Withholding hundreds of documents relating to business assistance programs upholds the “government’s pervasive policy of secrecy,” according to Nova Scotia auditor general Jacques Lapointe.
In a report released yesterday morning, Lapointe harshly criticized the NDP government for refusing to turn over 281 documents relating to Nova Scotia Business Incorporated and the province’s Industrial Expansion Fund.
Lapointe’s office had been attempting to audit NSBI and the IEF since last fall. Lapointe said he was forced to halt the audit when it became apparent the government was not willing to turn over the files.
Lapointe said the move puts the government in violation of the Auditor General’s Act, criticizing “certain decisions made at the senior levels of government to withhold from (his) office a large number of documents related to financial assistance programs.”
“Such a restriction on my ability to do my job violates the principle that government is ultimately accountable to the legislature,” he said.
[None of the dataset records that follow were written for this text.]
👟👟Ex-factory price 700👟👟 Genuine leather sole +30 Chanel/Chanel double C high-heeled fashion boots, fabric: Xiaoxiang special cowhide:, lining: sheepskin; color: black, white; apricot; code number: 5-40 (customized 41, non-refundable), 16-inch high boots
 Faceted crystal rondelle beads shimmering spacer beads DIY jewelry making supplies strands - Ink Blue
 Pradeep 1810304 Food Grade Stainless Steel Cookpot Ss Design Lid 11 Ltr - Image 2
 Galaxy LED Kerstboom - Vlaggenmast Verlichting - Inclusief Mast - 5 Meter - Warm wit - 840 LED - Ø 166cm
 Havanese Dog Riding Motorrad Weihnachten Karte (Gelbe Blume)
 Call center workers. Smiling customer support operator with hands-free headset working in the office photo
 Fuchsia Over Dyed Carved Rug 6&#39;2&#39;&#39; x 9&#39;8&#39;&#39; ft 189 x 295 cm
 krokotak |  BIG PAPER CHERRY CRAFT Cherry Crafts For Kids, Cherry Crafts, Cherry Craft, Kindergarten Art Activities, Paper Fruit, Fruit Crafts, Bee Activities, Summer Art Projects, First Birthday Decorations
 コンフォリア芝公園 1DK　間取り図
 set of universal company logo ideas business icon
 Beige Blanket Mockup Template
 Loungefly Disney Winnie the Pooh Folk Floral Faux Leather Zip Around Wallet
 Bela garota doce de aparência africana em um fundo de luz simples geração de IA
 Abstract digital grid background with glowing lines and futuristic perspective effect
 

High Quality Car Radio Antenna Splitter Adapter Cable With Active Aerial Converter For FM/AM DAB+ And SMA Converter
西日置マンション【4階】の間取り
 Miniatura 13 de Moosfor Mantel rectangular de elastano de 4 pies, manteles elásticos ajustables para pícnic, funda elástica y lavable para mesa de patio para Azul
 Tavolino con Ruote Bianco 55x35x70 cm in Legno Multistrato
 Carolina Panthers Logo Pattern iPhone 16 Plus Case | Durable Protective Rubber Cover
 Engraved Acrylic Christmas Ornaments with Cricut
According to the NDP and NSBI, the information withheld was either confidential cabinet documents, or else fall under solicitor-client privilege.
Finance Minister Graham Steele said turning over the documents would amount to the waiving of privileges, potentially opening up confidential information to third-party court challenges — a charge disputed by Lapointe.
But Steele said the law clearly states the auditor general’s power doesn’t extend to solicitor-client communications, citing a December 2000 decision in the Nova Scotia Supreme Court to that effect.
“That is the law of the province today,” said Steele. “And we are puzzled by the auditor general’s statement to the contrary.”
Steele, a virulent critic of denying access to the auditor general while in opposition, said the government has been in talks with Lapointe’s office to develop a legislative framework for turning the documents over. He said the legislation, originally planned for the spring session, will be a goal for the fall.
But Steele acknowledged the government should have acted sooner on the issue. “There’s no question that we did make a mistake,” he said.